C++ Modules
A module system is coming to C++, this page describes the GCC implementation state.
The goal of the module system is to avoid huge header files, thus speeding up compilation. What distinguishes it from things like precompiled headers are:
- Composabililty of multiple modules
- Explicit code annotations to define visible interfaces
Implementation State
Development branch: 'c++-modules' (svn://gcc.gnu.org/svn/gcc/branches/c++-modules). Reporting bugs
The branch was created, by Nathan Sidwell, Jan 2017, the specification, design and implementation are in flux.
March 1st 2017 - first executable works!
- April 26th 2017 - Namespace symbol table handling reworked to be module-compatible (and just generally better).
- May 3rd 2017 - Symbol table partitioned and module-specific mangling (no back-references)

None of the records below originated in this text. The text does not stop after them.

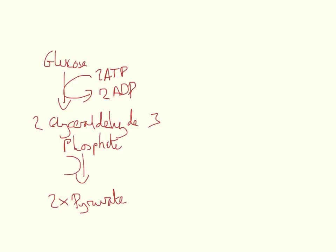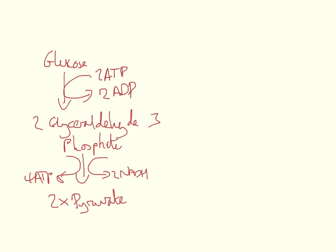This produces 4-ATP molecules and also 2-NADH, obviously using 2-NAD in the process.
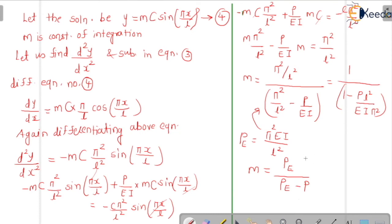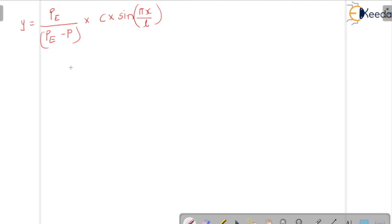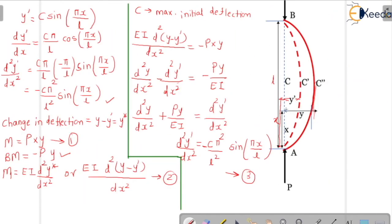The above equation gives the value of m in terms of Euler's load and axial load. Substituting this value of m back into equation 4, we get the final deflection: y = (Pe/(Pe − P))·C·sin(πx/L). This gives the final deflection at any distance x from A.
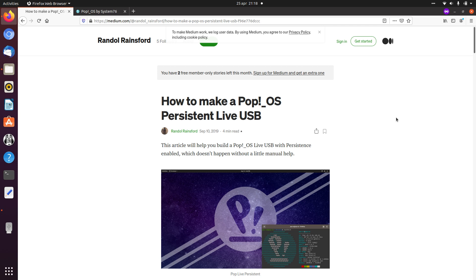For Ubuntu, it's really easy to make a live and persistent USB stick. For PopOS, you have to do some manual steps. I didn't discover it myself — I found this article on medium.com from Randall Rainsford, and he explains how to do it. I'm going to show you in this video how to do it.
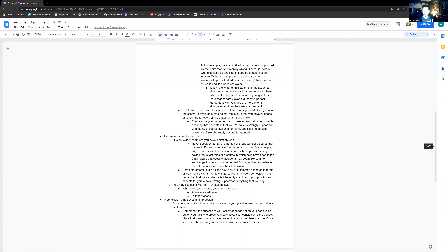How's it going, everyone? Let's dive in. This is an overview of the argument assignment sheet.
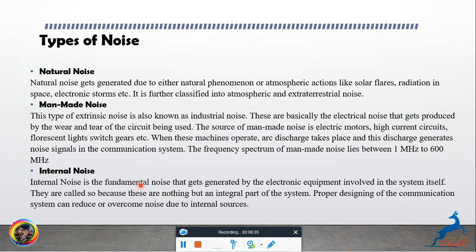Natural noise gets generated due to natural phenomena or atmospheric action, like solar activity and other natural atmospheric conditions.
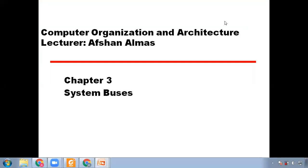Welcome to the lecture of computer organization and architecture. Today is lecture number five and our topic is about system buses. This is chapter three from the Williams Stallings book, which you are going to follow throughout your course.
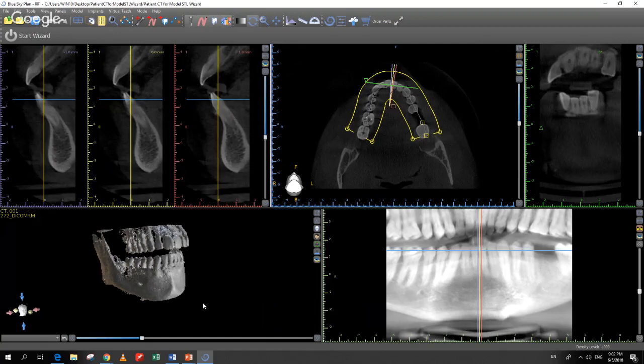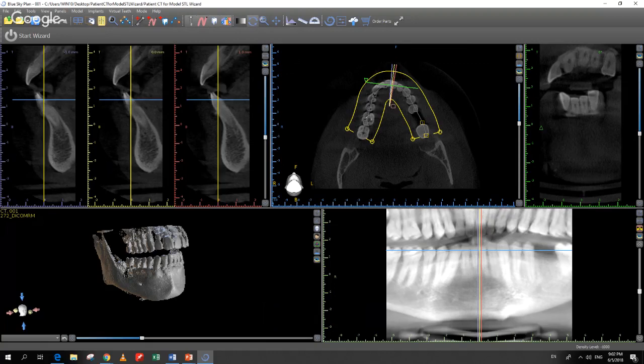The process that used to take weeks — sending out DICOMs, proprietary conversion, waiting for return — we just did in around a minute. Now we have the software open with our different views and our CT scan loaded.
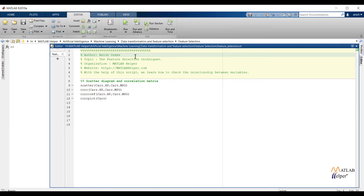Welcome. In the previous video we have seen different transformation techniques. In this video we are going to see information about feature selection.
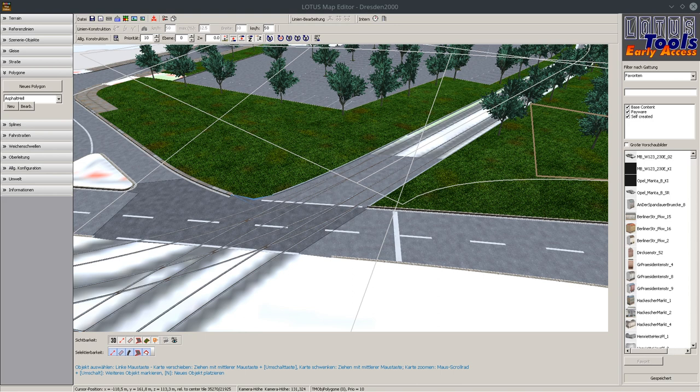Welcome to the Lotus Map Editor tutorial. In this episode we want to talk about cars, doesn't matter if they are parking or if they are driving.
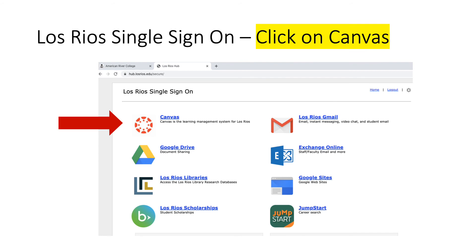You have now been redirected to Los Rios Single Sign-On and it should look like this. Click on the Canvas link on the top left corner.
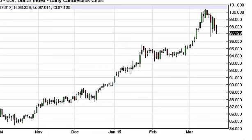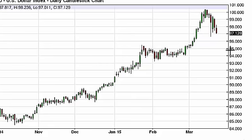It turned back around to fall to the 97 level. The 97 level isn't psychologically important in our opinion, so it would not surprise us to see this market continue to drift a little bit lower.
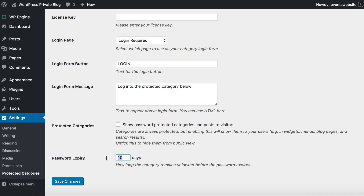You can also choose how long before the password expires. When somebody has unlocked a protected category, by default they will still be able to access it from the same browser for 10 full days. If you want them to have to re-enter the password after a day or so for security reasons, just change the number of days here and save changes. That is how you set up the protected categories plugin for your private blog.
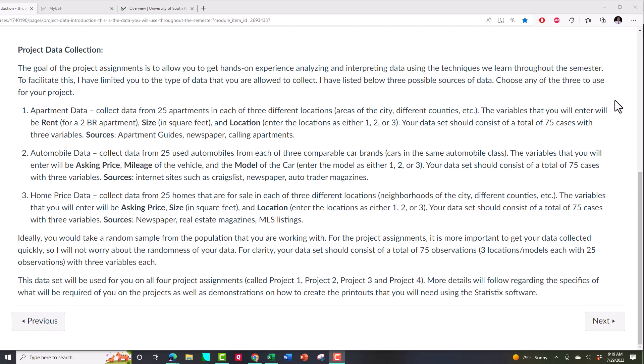So the homes and the apartments are actually pretty close in terms of two of the variables, the size and location is going to be the same. It's just whether you're collecting rents for apartments or asking prices for home. And then the last one's a little different. It's the automobile data.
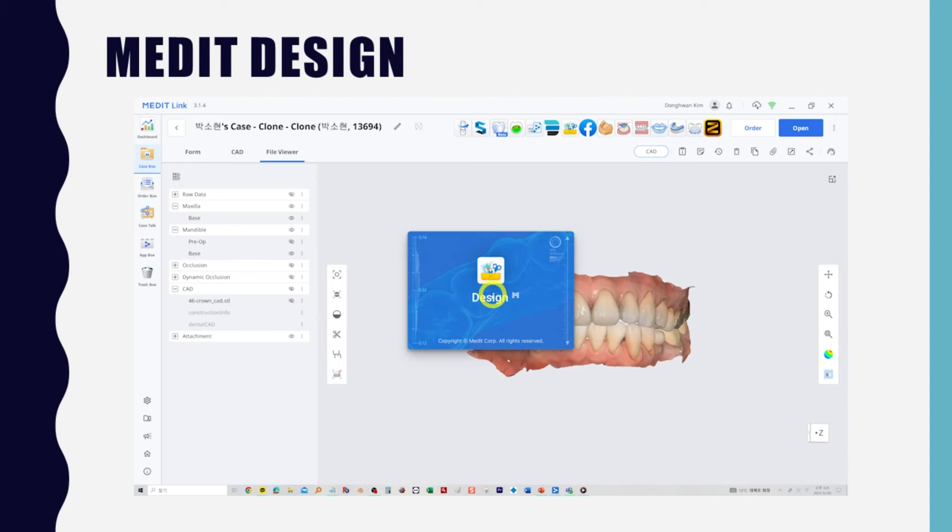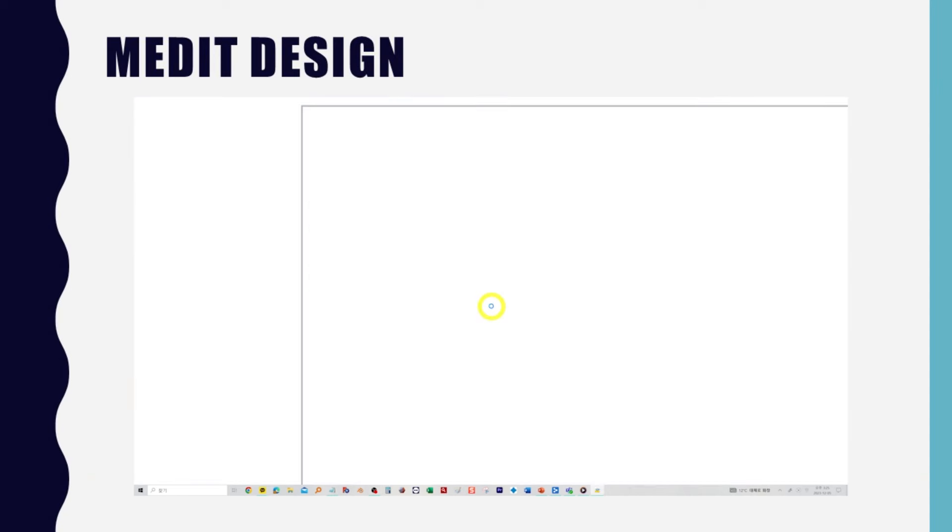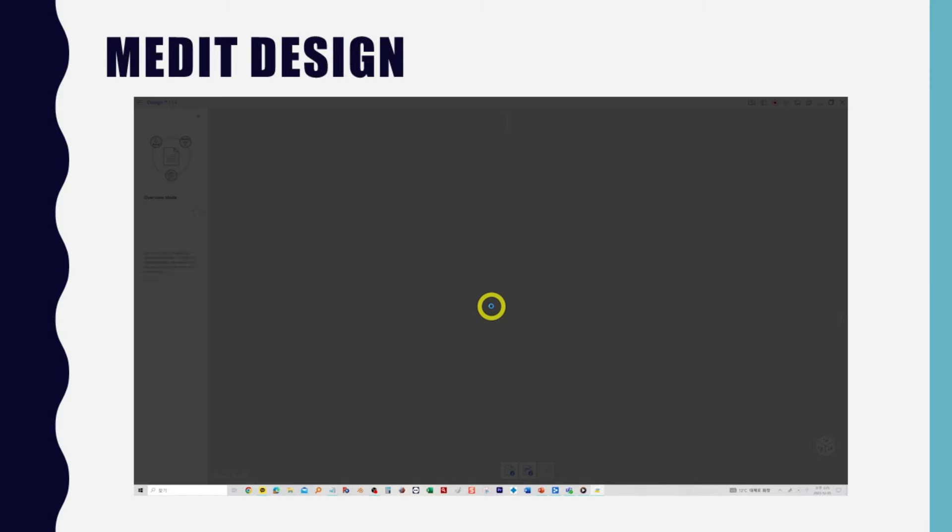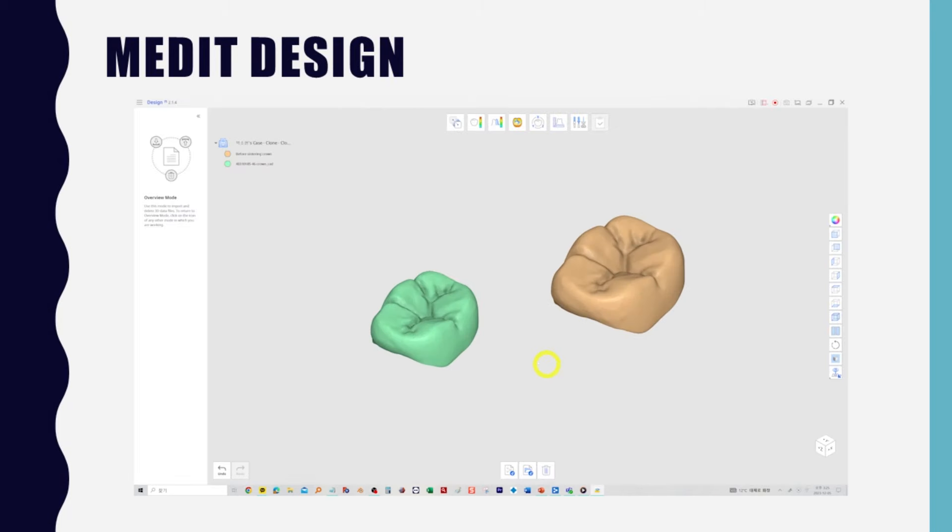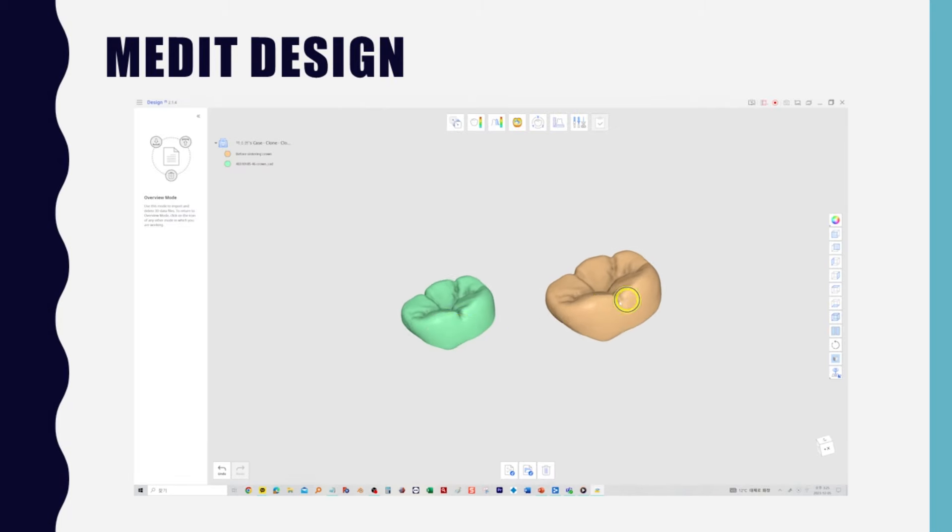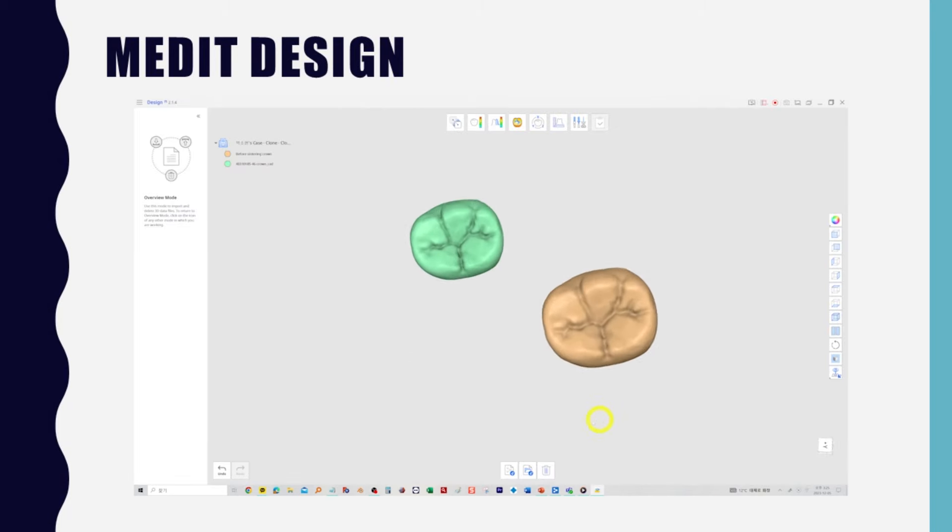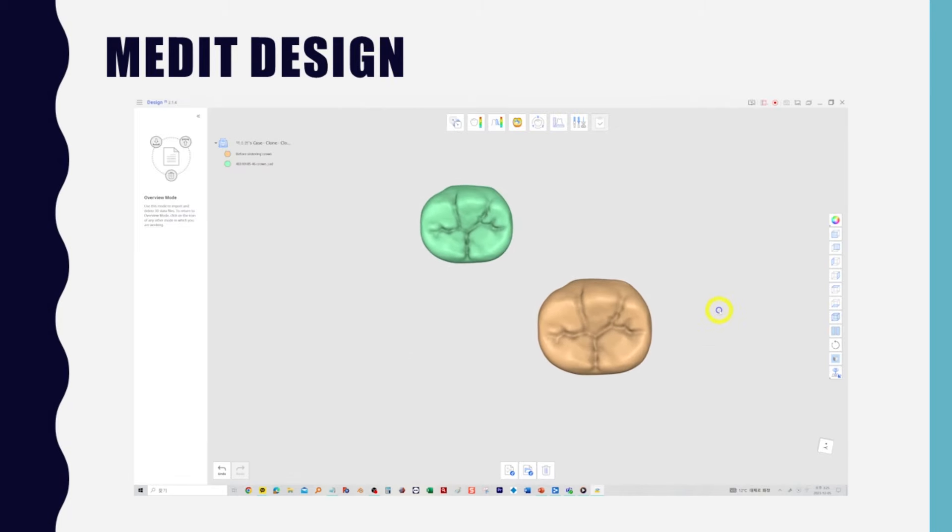First, you can validate the machined crowns using Medit Design. Download and launch the Medit Design app from your app box. Select and import the scanned crown and the crown design file. Since zirconia shrinks as it's sintered, it's machined under magnification.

June 15th 2017 - Class & function declarations and definitions
- July 5th 2017 - Created 'c++-name-lookup' branch to handle changes that are easier to complete on a separate branch
- July 20th 2017 - First contributor patch applied (Boris Kolpackov)
- Sept 4th 2017 - Uploaded new ABI document
- Sept 8th 2017 - Presented at GNU Cauldron.
- Oct 13th 2017 - Function template exported and instantiated.
- Oct 20th 2017 - A class template exported and instantiated.
- Oct 23rd 2017 - Wrapper script technology.
- Nov 16th 2017 - constexpr functions
Nov 22nd 2017 - Template function & class members of template & non-template classes. Happy birthday, mum!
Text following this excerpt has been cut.